■ **Dataset**
········
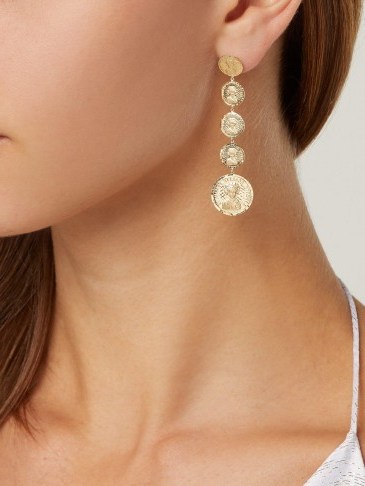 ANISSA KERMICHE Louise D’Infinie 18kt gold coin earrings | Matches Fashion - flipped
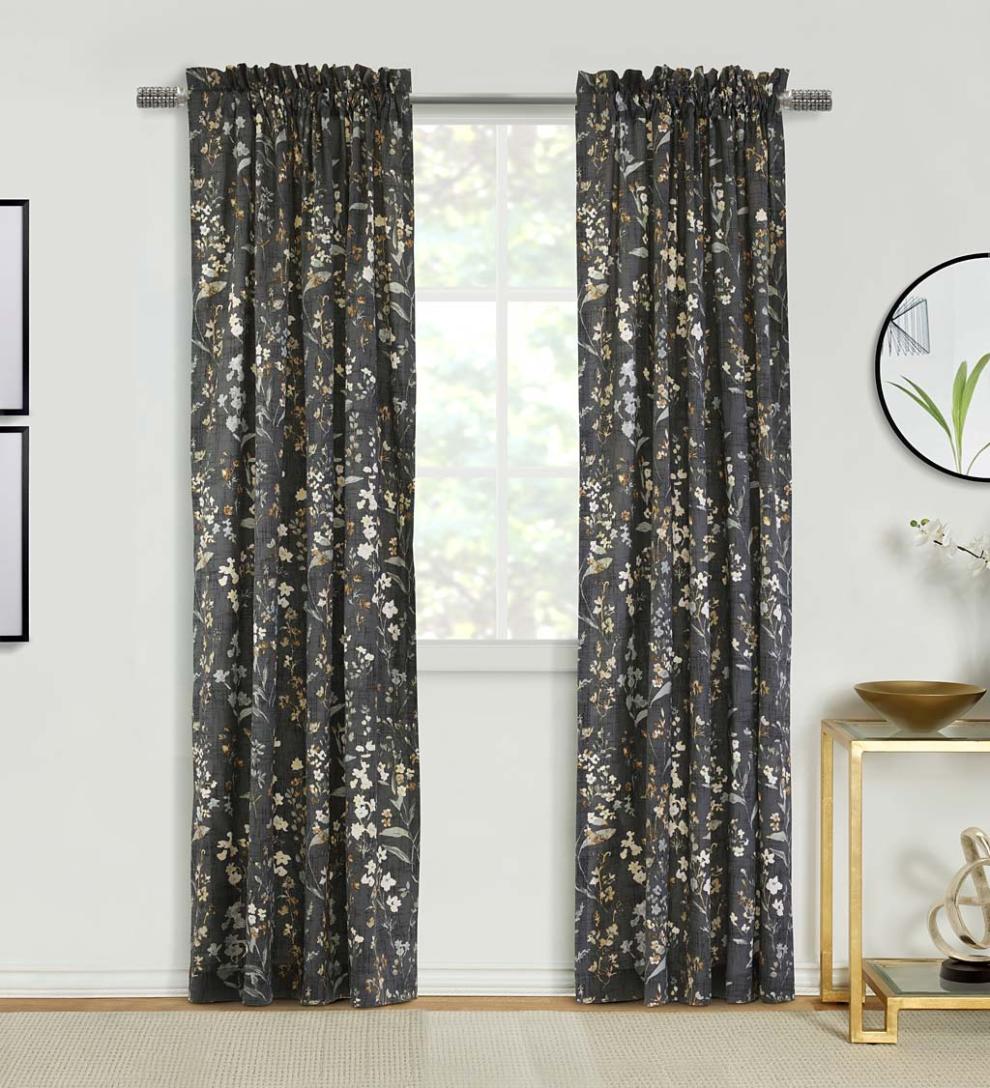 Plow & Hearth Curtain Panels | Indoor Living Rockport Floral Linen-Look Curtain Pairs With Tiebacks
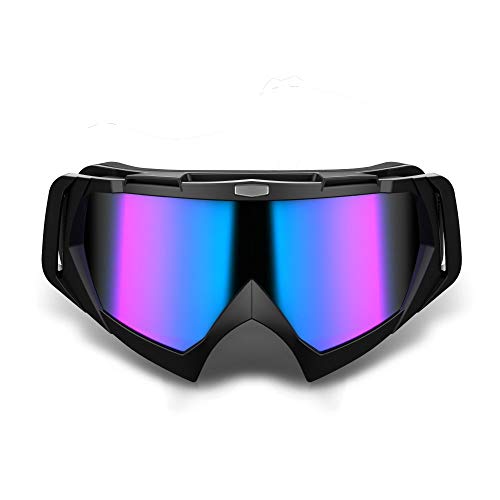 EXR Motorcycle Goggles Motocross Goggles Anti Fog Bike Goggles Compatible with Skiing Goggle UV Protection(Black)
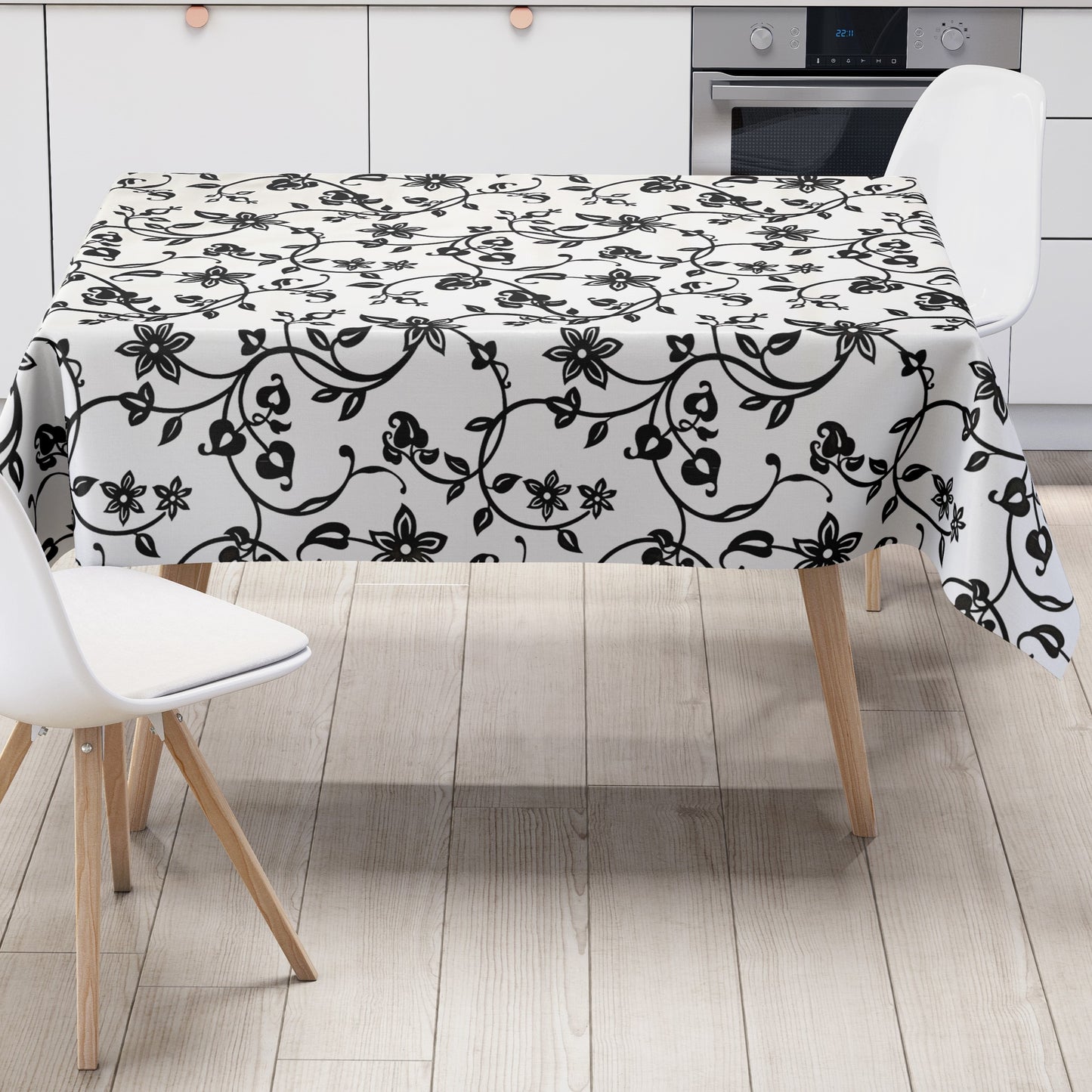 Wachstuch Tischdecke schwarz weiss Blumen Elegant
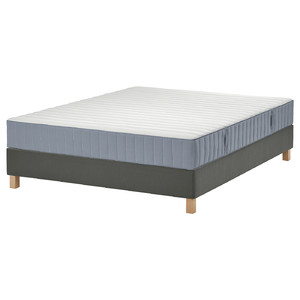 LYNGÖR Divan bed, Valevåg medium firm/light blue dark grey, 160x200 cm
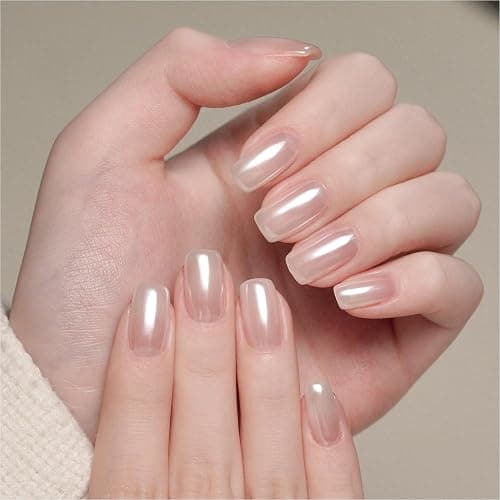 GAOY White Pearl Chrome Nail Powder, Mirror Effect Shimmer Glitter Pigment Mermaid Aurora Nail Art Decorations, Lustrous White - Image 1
········
■ **Your task**
Please retype the lines from the one that contains "Wachstuch Tischdecke schwarz" through the final line of the data, both included, without any pictures.

■ **The completed task**
 Wachstuch Tischdecke schwarz weiss Blumen Elegant
 LYNGÖR Divan bed, Valevåg medium firm/light blue dark grey, 160x200 cm
 GAOY White Pearl Chrome Nail Powder, Mirror Effect Shimmer Glitter Pigment Mermaid Aurora Nail Art Decorations, Lustrous White - Image 1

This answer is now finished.